Chinchakhede is a village in India, Located in the north-west region of the Maharashtra state in Dhule district. Near banks of river 'Kanher'. Agriculture and Animal husbandry is main source of income for the village.
It is located 1,128 km from national capital Delhi, 288 km distance from its State Capital Mumbai & 22 km from district place Dhule.

Administration
'Grampnchayat of Chinchakhede' is playing main role in Chinchakhede's administration.
There are 11 seats in 'Grampnchayat' for 'Grampnchayat Member'.

Demographics
The total population of the village is 3313. In which 1750 are Males and 1563 are Females.

Agriculture
Agriculture is the main business, It includes crop production (farming and contract farming), seed supply, agrichemicals, breeding, farm machinery, distribution, processing, marketing, and retail sales.
There are mainly two season of crop production
1. Khareep (At the starting time of Mansoon season)
2. Rubby (At the start of Winter season)
Following are the few main crop harvest in Chinchkhede
 Cotton
 Bajara
 Wheat
 Chilly
 Corn

Festivals
Diwali, Dussera, Gudhipadwa, Holi, Makarsankranti are the main festivals in the Chinchakhede.
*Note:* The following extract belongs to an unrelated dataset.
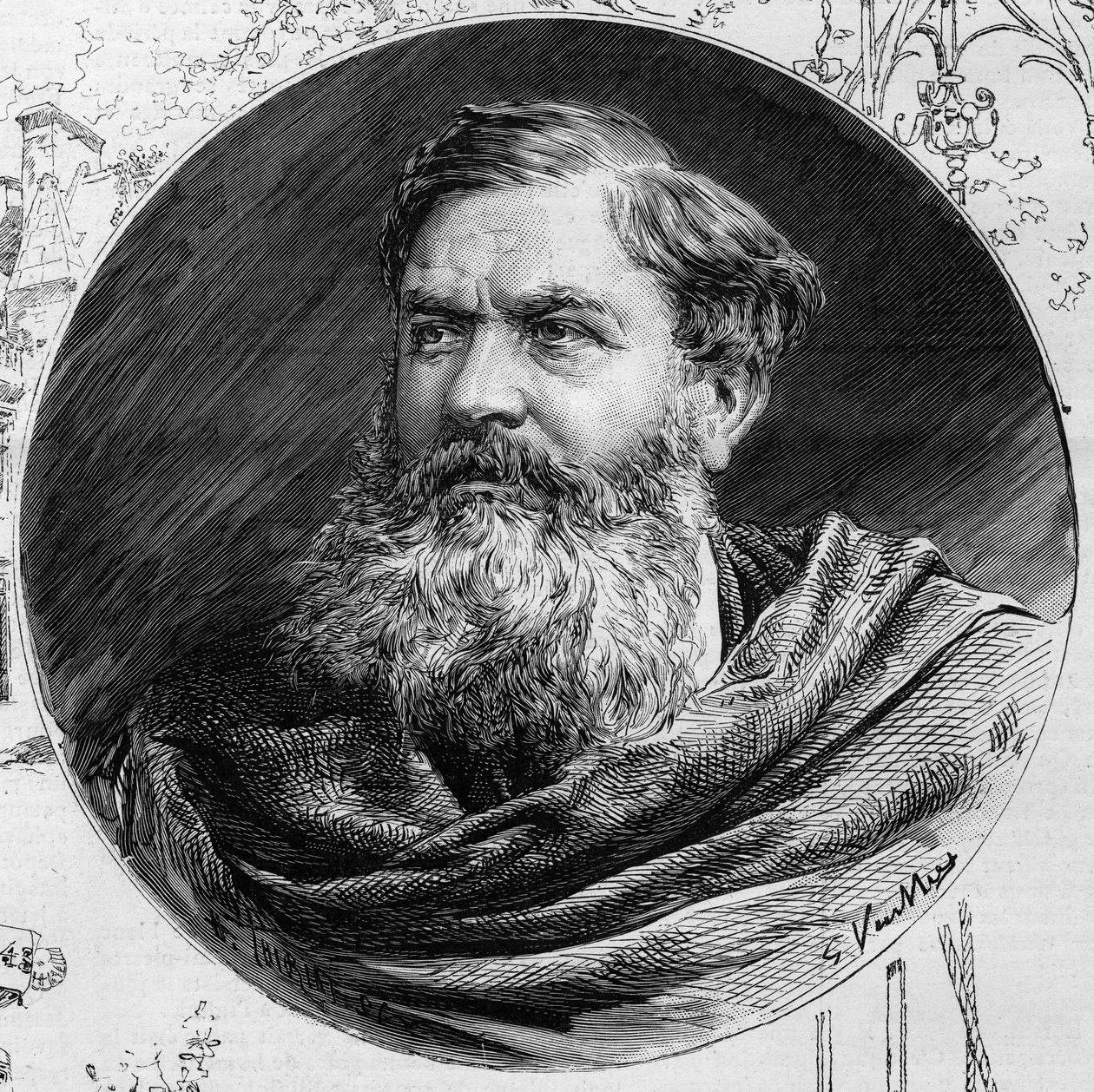 Portret Edmonda du Sommerarda (1817-1885), dyrektora Musee de Cluny, W „The Illustrous World” 1885. autorstwa Unknown artist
The utsav of goodies 'Kanabai/Kanubai' is also celebrated on alternate years

Education

The provision of education is up to 12th class in Chinchkhede.
The Primary education is given by Zila Parishad's School, 'Jeevan Shikshan Vidya Mandir, Chinchkhede'. The Secondary and Higher-Secondary education is given by Gramvikas Shikshan Sanstha's, 'Jai Bhavani Madhyamik Vidyala, Chinchkhede'.
To get the education students are come from other villages around Chinchkhede like Aanchale, Aanchale-Tanda, Aamdad, Savali.

Other villages near by Chinchkhede: Ajang, Anchade, Amdad, Bhirdai (Big), Bhirdai (Small), Kalkhede, Mukati, Savali.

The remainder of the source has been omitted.